The Digital Reckoning

  • Share
  • Read Later
The legal system may be the last refuge of doomed business models. When Big Steel and the auto industry were under pressure during the '70s from low-cost imports, their first instinct was not to change their outmoded manufacturing plants but to beseech the courts to bar the outlanders. The record industry has taken a similar tack, charging the purveyors of digital music with violating copyright law and Fair Use agreements. But even favorable rulings like the one the Record Industry Association of America won in district court against popular music website provide only temporary respite. Sooner or later, the Darwinian economics of new technologies force businesses to adapt or die.

Two weeks ago, Lars Ulrich, drummer and founder of the band Metallica, unloaded boxes containing the names of 335,000 alleged music pirates in front of the San Mateo, Calif., headquarters of Napster, the software company responsible for the file-sharing program that has made the long-prophesied digital-music revolution a reality. "We're doing this because nobody else has the balls to," says Ulrich of a move that would seem to pit the band against some of its constituency.

But his stunt only obscured the real issue: the $40 billion music industry's business is evolving, painfully, from selling products to simply providing a service.

Selling compact discs was viable as long as the companies controlled the quantity and destiny of that music. Metallica CDs have been available only from stores, catalogs and online sites, and sold at a price that covers production, marketing, distribution, royalties to the artist and, not least, the markup for record company and retailer. That's why CDs that each cost 50 to make retail for $15. As long as the only way to get that music was through those channels, then Metallica and its label, Electra (owned by Time Warner, TIME's publisher), had a great gig.
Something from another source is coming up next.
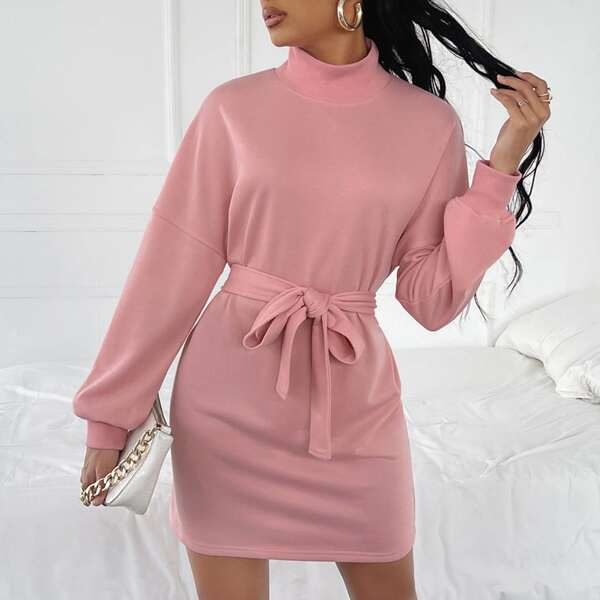

Mock Neck Drop Shoulder Belted Sweatshirt Dress, Pink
Last week a Federal Trade Commission settlement with major record companies put a crimp in that business. It said consumers may have overpaid $480 million in the past three years and that the companies would change their pricing policies.

The real threat to that business model, however, is client-to-client-based programs like Napster, Gnutella and Freenet that make searching and swapping MP3 music files quick and painless. Suddenly Metallica and Elektra no longer control the quantity and destiny of their songs. It costs zip to download Metallica's And Justice for All via Napster. If you're selling CDs, it's hard to build a business around that price point.
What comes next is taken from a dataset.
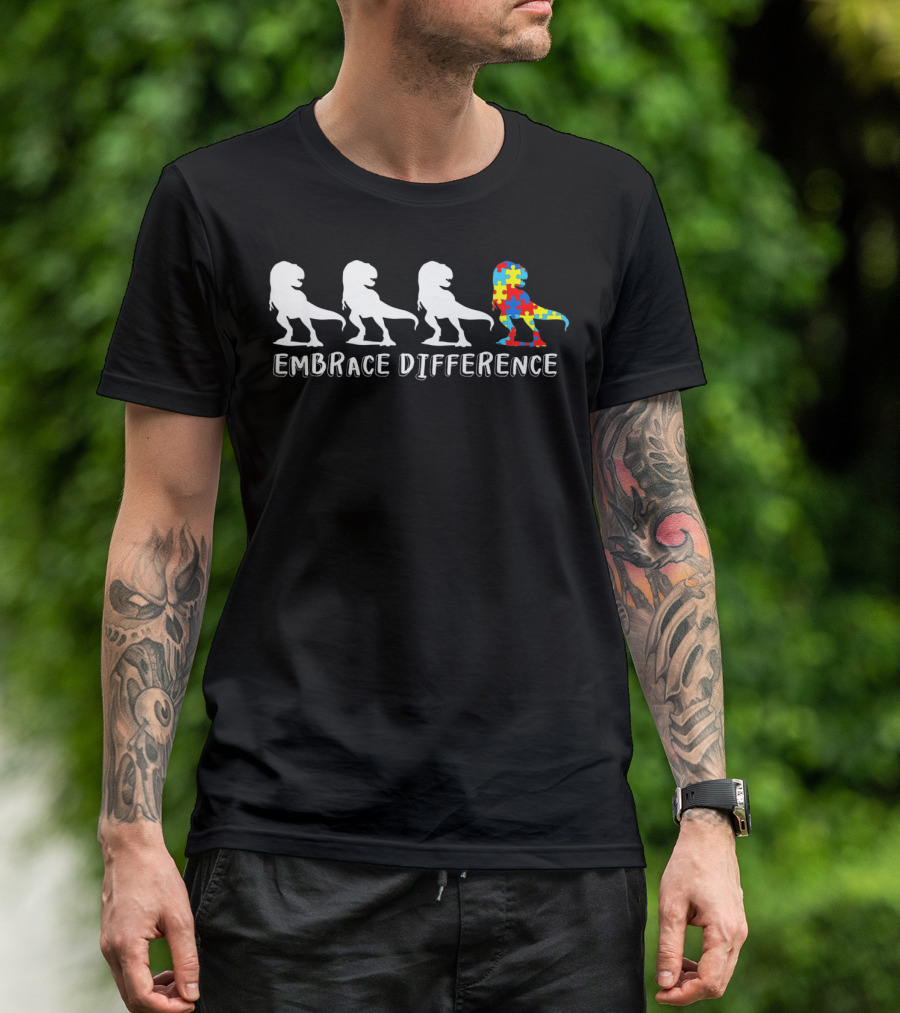 Autism Awareness Dinosaur Embrace Difference Puzzle T-Rex T-Shirt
As a gatekeeper to its community, however, Napster may yet stumble onto a viable business. Its traffic has been growing at 1,000% a month, and venture capital is begging for a piece of the action. But what exactly is Napster's business? It doesn't produce music, nor does it store or distribute it. What it does provide is a service, acting as a kind of switchboard that connects users with the music they want. (Napster claims to skirt the copyright issue by moving files directly from client to client, never housing illegal files on its servers.) It could try to license this technology; it could figure out a way to sell music like a jukebox, and sell the "eyeballs" in the form of advertising. "The music business will become about growing the size of the crowd," says Jim Griffin, a digital-music consultant. "It becomes more like radio or television." The industry could thus shift from selling CDs to collecting subscription fees for its service, like cable TV. The record labels, or whoever succeeds them, also become gatekeepers rather than distributors of products.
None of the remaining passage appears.